Two other contributors have raised the question of specificity: are Karuti's landscapes located or could they be anywhere? Is this situated knowledge or a view from nowhere? The cows, as we have seen, are clearly in a place: these are Maasai cattle in a Maasai space. But what about the lift and the aquarium? Two glass walls seen through a lens. Does it matter where these videos were made? If you've seen one of them, have you seen them all? But I wonder: body, machine - location?
I saw Tizian Büchi's prize-winning film, L’îlot (in German: Kleine Insel; in English: Like an island) when it was released a few weeks ago. The critics describe it as a hybrid, something like a documentary but not quite. And it too plays with these senses of location and dislocation, place and displacement, but it does so in some very different ways.
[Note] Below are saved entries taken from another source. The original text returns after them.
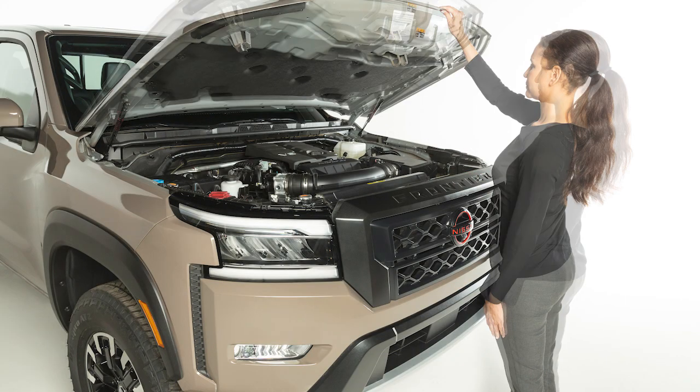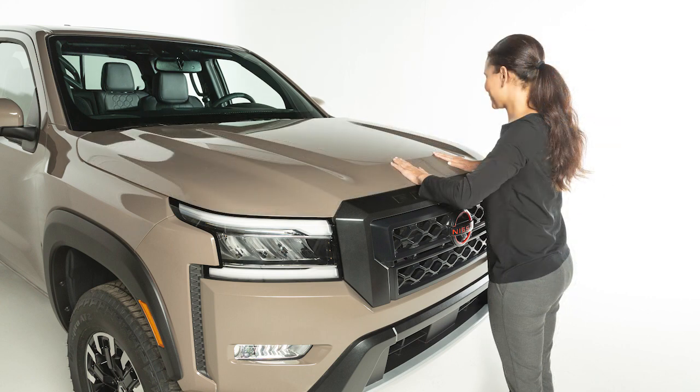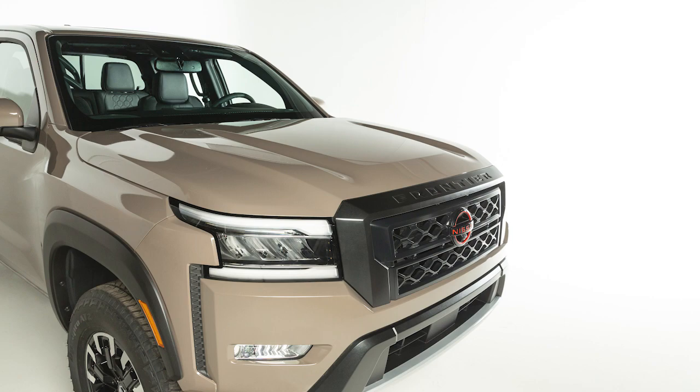When closing the hood, first slowly lower the hood down until it latches. Now push the hood down to lock it in place. Before driving, verify that the hood is firmly latched.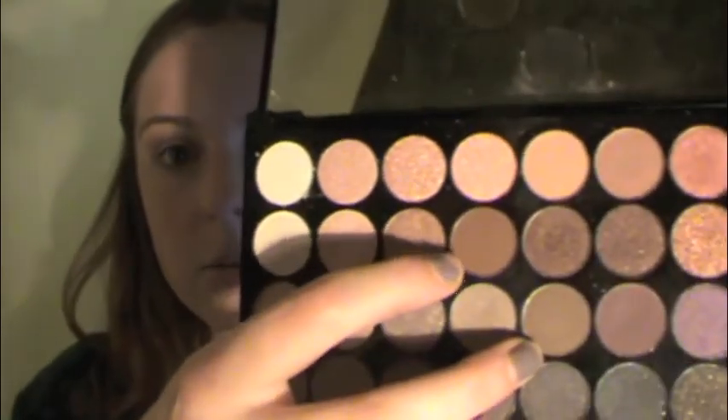I'm going to take this kind of cinnamony brown and also this more greeny brown — I'll point to both of them in the palette. So this one is the more cinnamony one and this is a little bit greener. On the same MAC 217 brush, just mixing those and blending that in the crease. And then with the MAC 224 we are going to blend that out.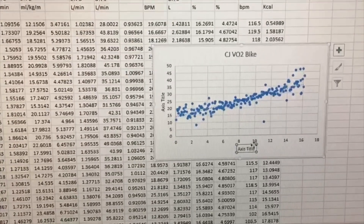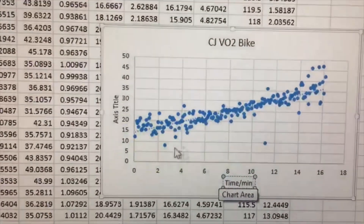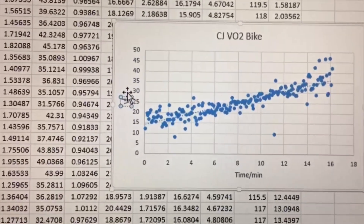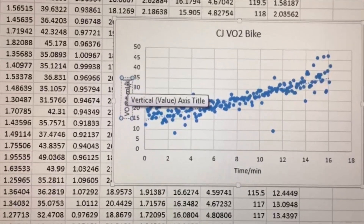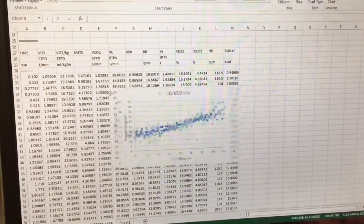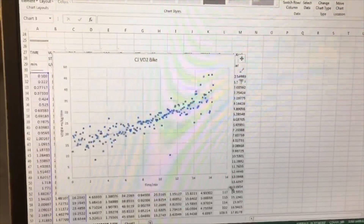We can put down here time in minutes, and over on the axes we're going to put VO2 in milligrams per kilogram per minute. Let's bring this over and make it a little bit bigger so we can see a little bit better whether that plateaued.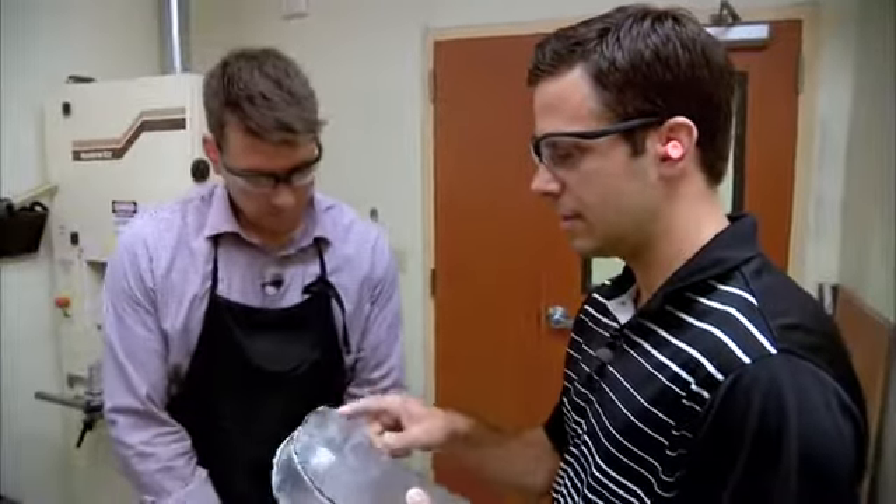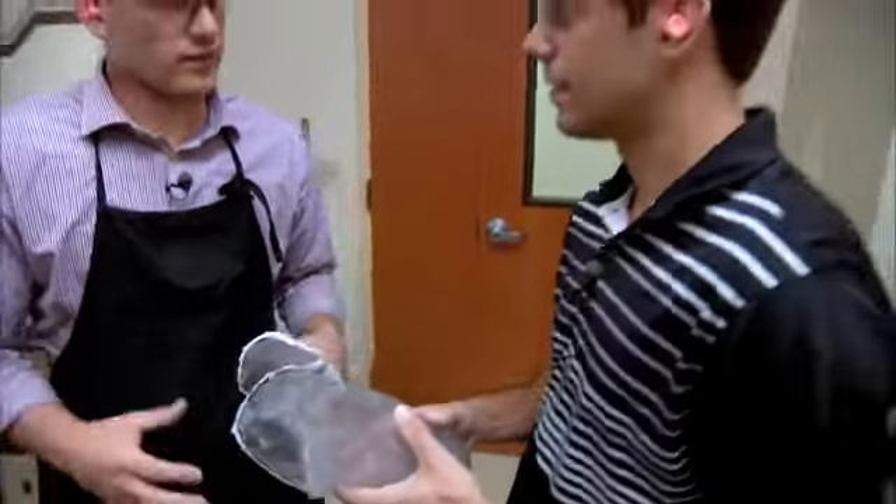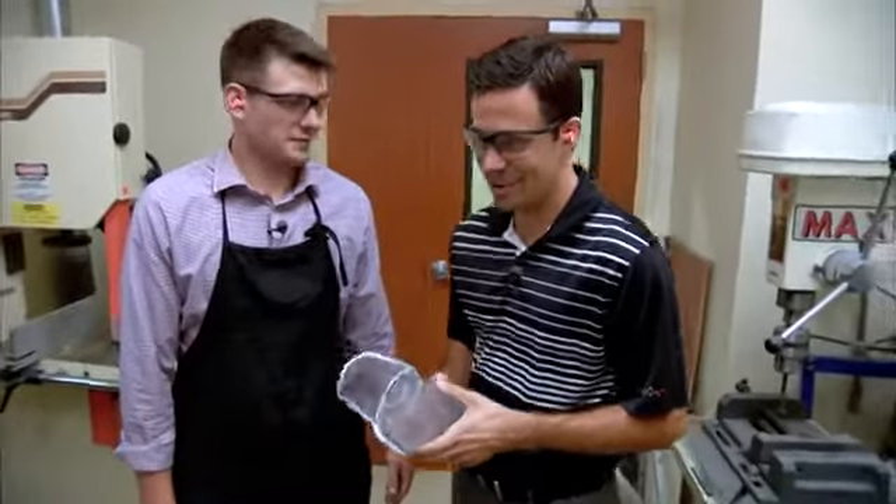We're getting close to the end. The next step is to clean up the trim lines so that we have a nice smooth edge to fit on the patient. Brian asked if I wanted to try, but I said let's leave this one to the professionals — and I've got no problem with that.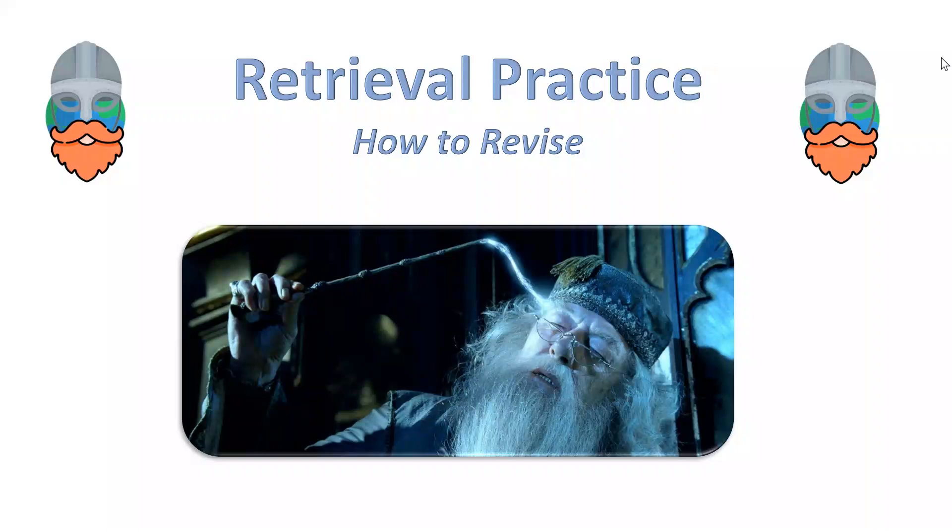In today's video I'm going to be talking about different ways in which you can improve your revision, and I'll be talking about a process called retrieval practice.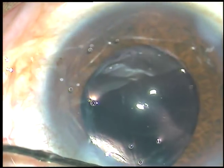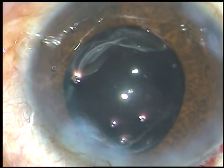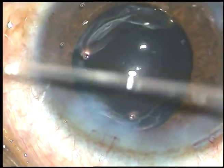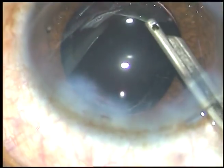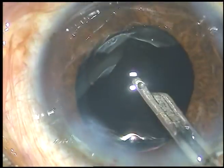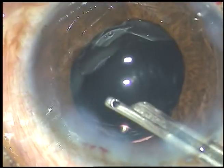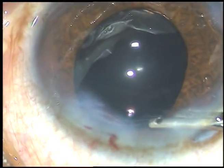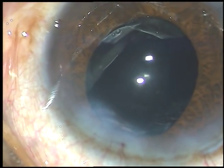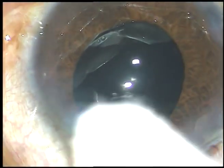This is hydration of the stroma on either side of the intraocular lens to make these wounds watertight. Now this is the final lavage of the anterior chamber — remove whatever material is there, like viscoelastic sticking to the corneal endothelium. That's it. Thank you very much for watching. Hope this video will help you in developing your surgical skills.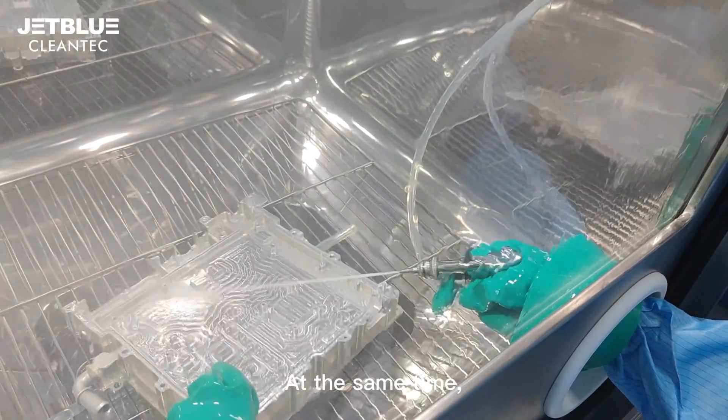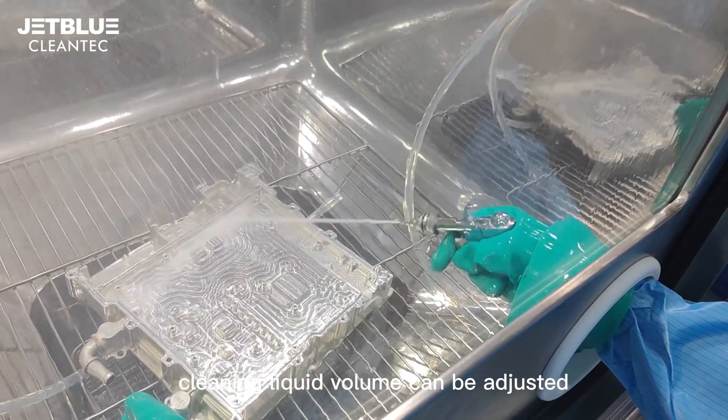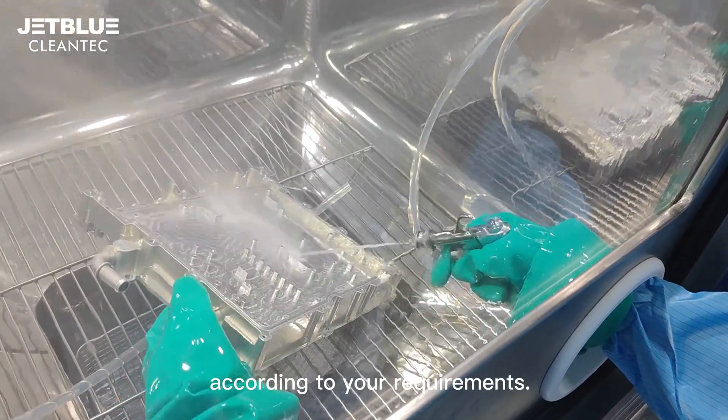At the same time, cleaning pressure, cleaning time, and cleaning liquid volume can be adjusted according to your requirements.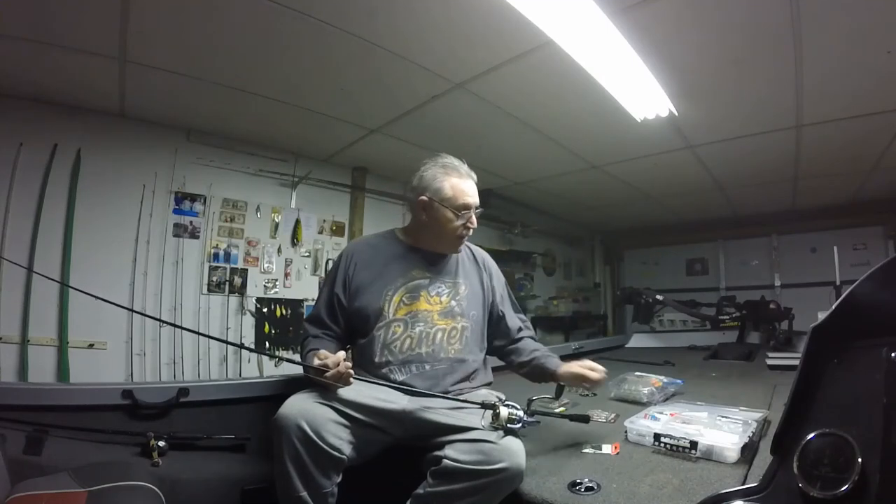This is a great bait to fish in the early spring when the fish are coming up to spawn, especially in the clear water reservoirs. If you have a little bit of current, it works even better. That's my tips on finesse swimbaits.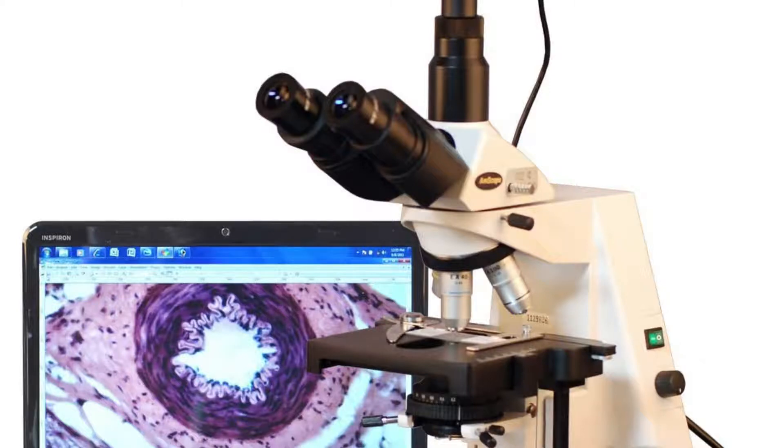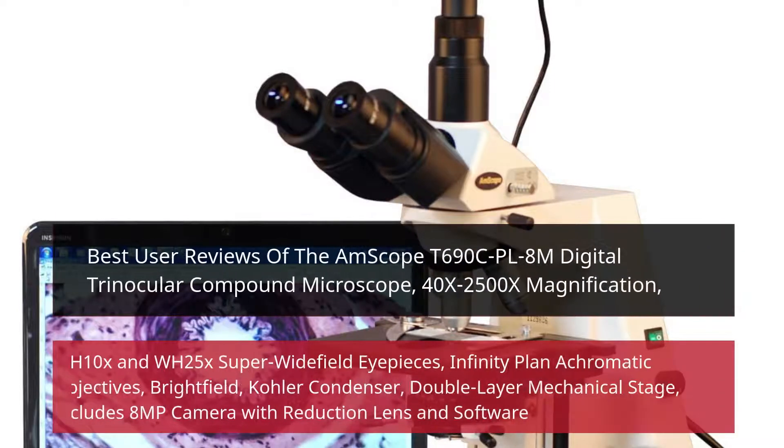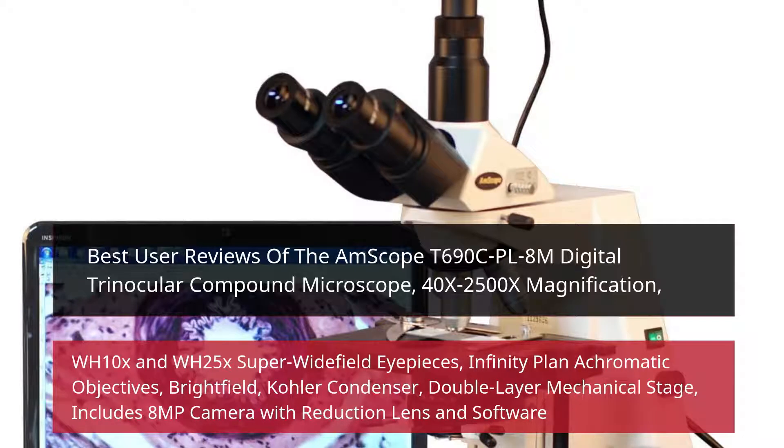Best User Reviews of the Emscope D690CP-L8M Digital Trinocular Compound Microscope. Features include 40x–2500x magnification, WH-10x and WH-25x Super Widefield Eyepieces, Infinity Plan Achromatic Objectives, Brightfield Color Condenser, Double Layer Mechanical Stage, and includes an 8MP camera with reduction lens and software.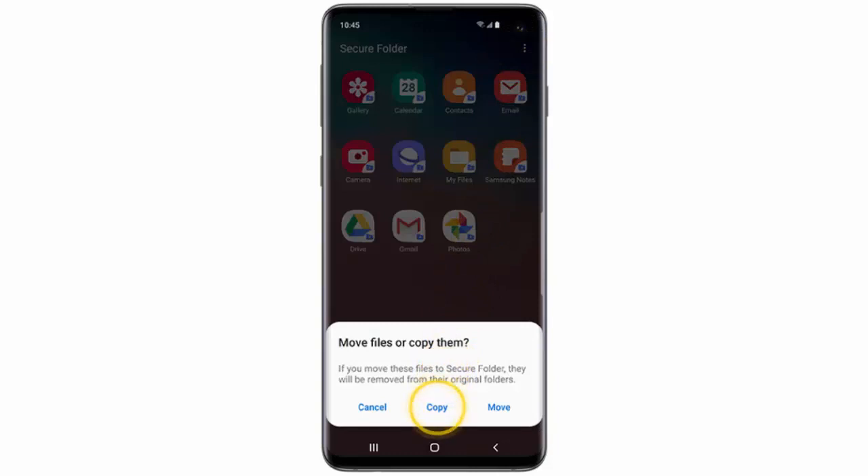You can choose to copy or move the files. If you copy the file, this action will create a duplicate version in the Secure Folder. If you move the file, it will be deleted from its original folder. I will select Copy.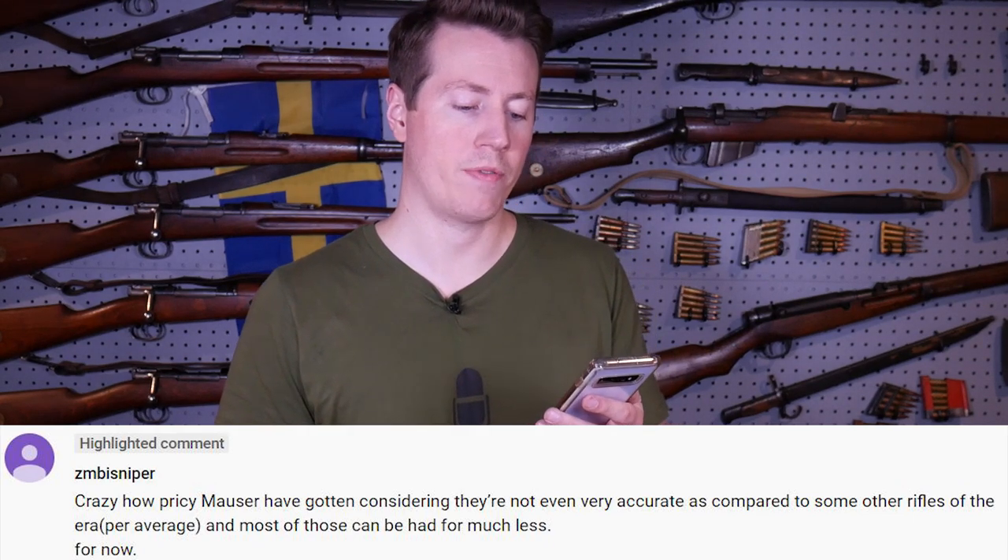So this is the part of the video where I read the comments from the previous week. Someone said: 'Crazy how pricey Mausers have gotten considering they're not even very accurate compared to some other rifles of the era, and most of those can be had for much less.' Mausers are insanely accurate — I don't know where you're getting that they're not. They're very accurate. They're not the only accurate gun; there are a lot of other mil-surp rifles out there that are accurate — Swiss guns are a great example. A Swiss G11 rifle is a lot cheaper than a really nice pristine K98K, so I can kind of see your point that for the money there are more accurate options, but that's not to say Mausers aren't accurate.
A river running through a strip of remaining wooded land in suburban Lausanne is overlaid with sounds that might almost but don't quite belong. The main figures, two security guards whose task is quite obscure, and a couple who might be lovers from the two sides of the river or some kind of jinn, genii loci, are very much there, but also from elsewhere. This is a highly specific work: a film on location, filmed on location. Everyone and everything occupies at least two worlds, but the senses of resonance and continuity emerge from lives and landscapes which are detailed and precise.
Then I talk to a visitor who begs me not to tell her where Supersonic, the video of the lift, was made. Du würdest es verderben, wenn du es mir sagst, she says: that would spoil it.